(RECORDED DATA)

= Beginning of Section =

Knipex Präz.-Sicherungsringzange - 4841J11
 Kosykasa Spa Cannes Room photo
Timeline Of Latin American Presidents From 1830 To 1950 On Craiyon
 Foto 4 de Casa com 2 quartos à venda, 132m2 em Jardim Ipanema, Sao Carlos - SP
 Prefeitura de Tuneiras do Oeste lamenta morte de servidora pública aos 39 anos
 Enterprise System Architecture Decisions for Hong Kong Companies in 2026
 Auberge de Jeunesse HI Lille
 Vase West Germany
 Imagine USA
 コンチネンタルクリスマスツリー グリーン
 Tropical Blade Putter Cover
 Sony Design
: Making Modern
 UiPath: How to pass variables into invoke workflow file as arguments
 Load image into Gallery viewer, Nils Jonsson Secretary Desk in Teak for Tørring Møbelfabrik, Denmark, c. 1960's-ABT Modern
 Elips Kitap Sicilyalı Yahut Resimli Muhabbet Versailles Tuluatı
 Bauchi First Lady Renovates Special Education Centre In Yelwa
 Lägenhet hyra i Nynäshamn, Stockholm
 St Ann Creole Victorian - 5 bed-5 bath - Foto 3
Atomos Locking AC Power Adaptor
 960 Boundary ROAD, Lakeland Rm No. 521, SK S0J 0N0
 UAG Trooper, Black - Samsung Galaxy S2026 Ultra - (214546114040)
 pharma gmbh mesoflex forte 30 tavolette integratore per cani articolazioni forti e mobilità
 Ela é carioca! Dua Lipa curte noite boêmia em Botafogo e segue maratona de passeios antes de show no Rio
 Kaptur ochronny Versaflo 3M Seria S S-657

= End of Section =

(WORK REQUEST) Every line with "Foto" in it should be copied from the entries.

(RESPONSE TO THE EXERCISE)
 Foto 4 de Casa com 2 quartos à venda, 132m2 em Jardim Ipanema, Sao Carlos - SP
 St Ann Creole Victorian - 5 bed-5 bath - Foto 3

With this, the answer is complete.